## Arithmetic Geometry and Number Theory RTG Seminar: “The cuspidal subgroup, bigly”

Seminar | September 18 | 3:10-5 p.m. | 891 Evans Hall

Kenneth A. Ribet, University of California, Berkeley

Department of Mathematics

Let $X$ be the modular curve $X_0(N)$, where $N$ is a positive integer. The $cusps$ on $X$ are the points of $X$ “at infinity.'' According to the theorem of Manin–Drinfeld, the group of degree-0 cuspidal divisors on $X$ maps to a finite subgroup of the Jacobian of $X$. This group is the cuspidal subgroup $C$ of the Jacobian.

There is a general feeling that $C$ ought to be big in various respects. For example, the generalized Ogg conjecture (first made by William Stein on the basis of explicit calculations) states that each rational torsion point on the Jacobian is contained in $C$.

One encounters quite a bit of literature in the direction of proving that $C$ is “big” in various senses, but this literature leverages explicit calculations of $C$. Ogg calculated $C$ when $N$ is either prime or the product of two distinct primes; his method works more generally when $N$ is square free.

My talk describes a joint project with Bruce Jordan and Anthony Scholl: I will explain a “pure thought” approach that proves (away from some bad primes) that $C$ is “big” in the sense that its annihilator (in the ring of Hecke operators acting on the Jacobian) is small. Our result is useful in studying the kernel on the Jacobian of “Eisenstein primes” in the ring of Hecke operators.

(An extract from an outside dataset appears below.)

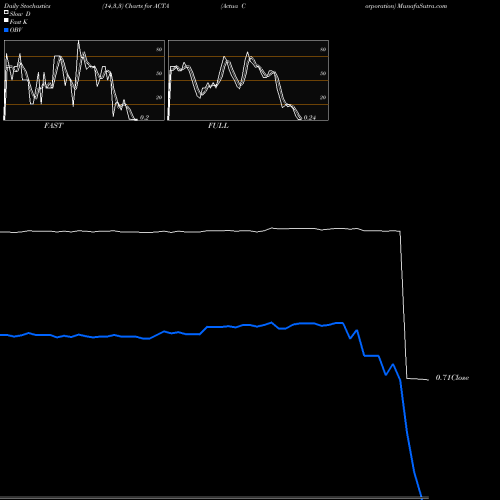 Stochastics Fast,Slow,Full charts Actua Corporation ACTA share NASDAQ Stock Exchange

Seminar Format: The seminar consists of two 50-minute talks, a pre-talk (3:10-4:00) and an advanced talk (4:10-5:00), with a 10-minute break (4:00-4:10) between them. The advanced talk is a regular formal presentation about recent research results to general audiences in arithmetic geometry and number theory; the pre-talk (3:10-4:00) is to introduce some prerequisites or background for the advanced talk to audiences consisting of graduate students.